BEGIN

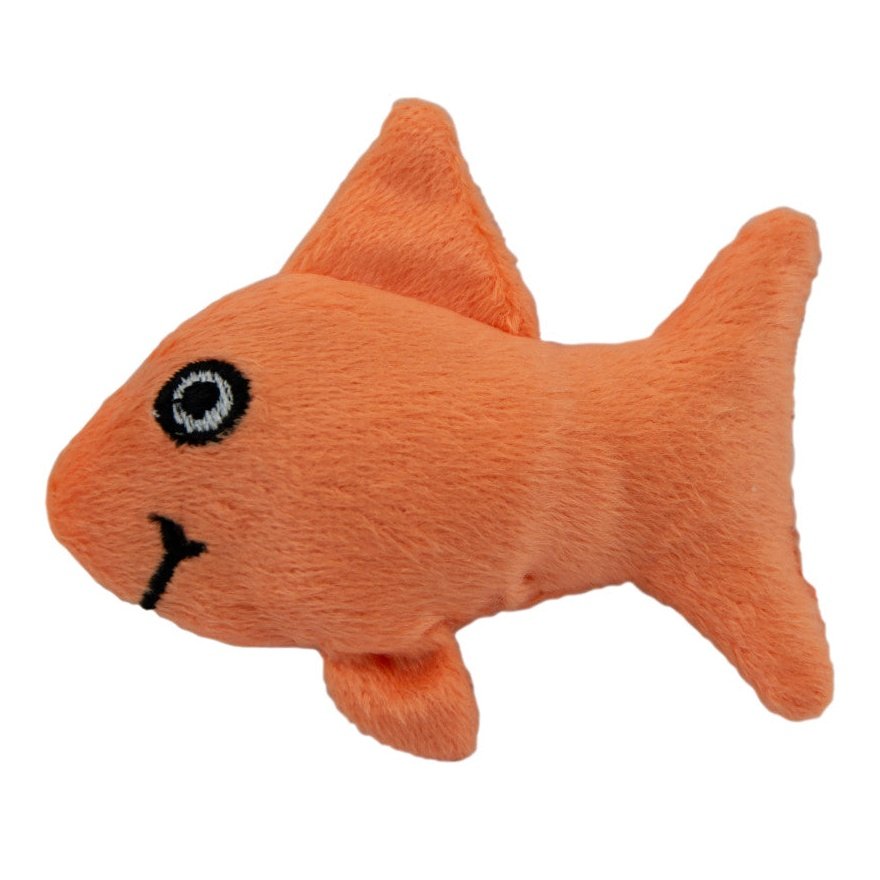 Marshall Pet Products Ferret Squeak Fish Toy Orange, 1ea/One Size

END
BEGIN

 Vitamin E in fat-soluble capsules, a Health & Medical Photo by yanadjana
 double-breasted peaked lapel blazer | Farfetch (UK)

END

Take the stretch of lines above from the one containing "Vitamin E in" through the one containing "double-breasted peaked lapel" and repeat it exactly, adding no other line.

- Answer for the task -
 Vitamin E in fat-soluble capsules, a Health & Medical Photo by yanadjana
 double-breasted peaked lapel blazer | Farfetch (UK)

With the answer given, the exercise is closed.